SOURCE MATERIAL:
________________________

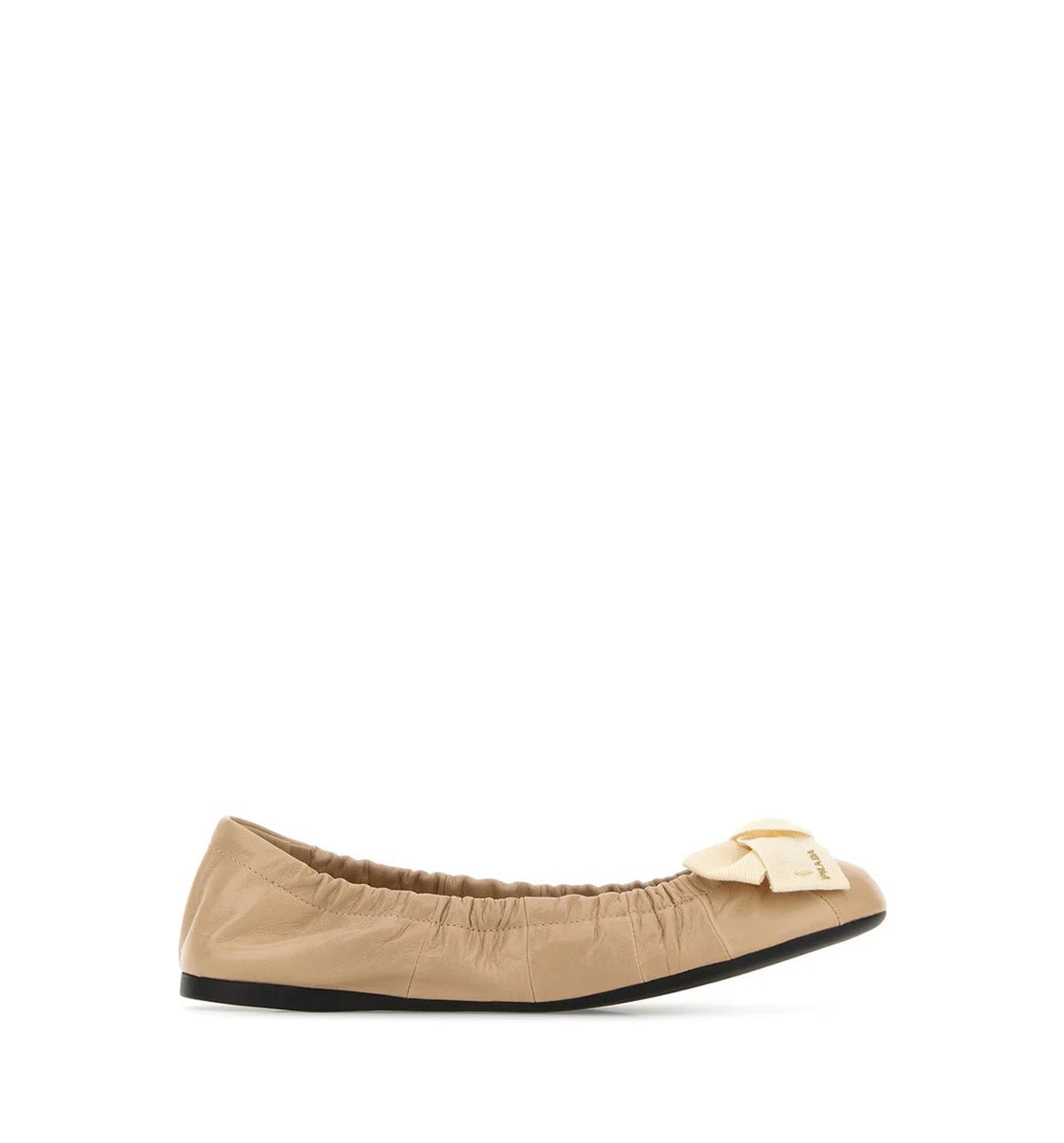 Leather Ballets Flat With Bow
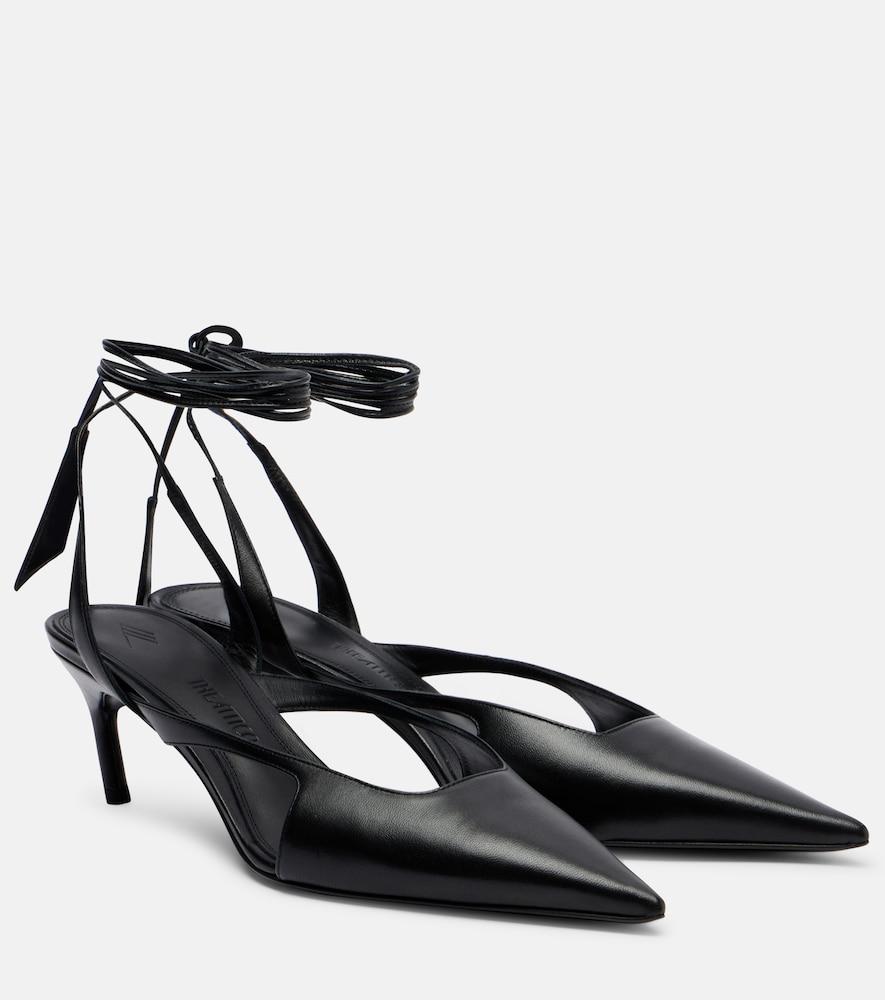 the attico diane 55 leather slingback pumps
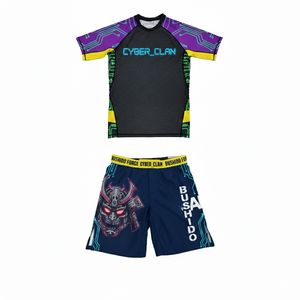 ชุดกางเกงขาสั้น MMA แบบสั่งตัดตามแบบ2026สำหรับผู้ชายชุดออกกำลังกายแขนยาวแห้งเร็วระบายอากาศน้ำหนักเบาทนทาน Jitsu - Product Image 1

________________________

WHAT TO WORK ON:
None of the pictures belong in the copy; transcribe the rest of the data exactly.

TASK RESPONSE:
 Leather Ballets Flat With Bow
 the attico diane 55 leather slingback pumps
 ชุดกางเกงขาสั้น MMA แบบสั่งตัดตามแบบ2026สำหรับผู้ชายชุดออกกำลังกายแขนยาวแห้งเร็วระบายอากาศน้ำหนักเบาทนทาน Jitsu - Product Image 1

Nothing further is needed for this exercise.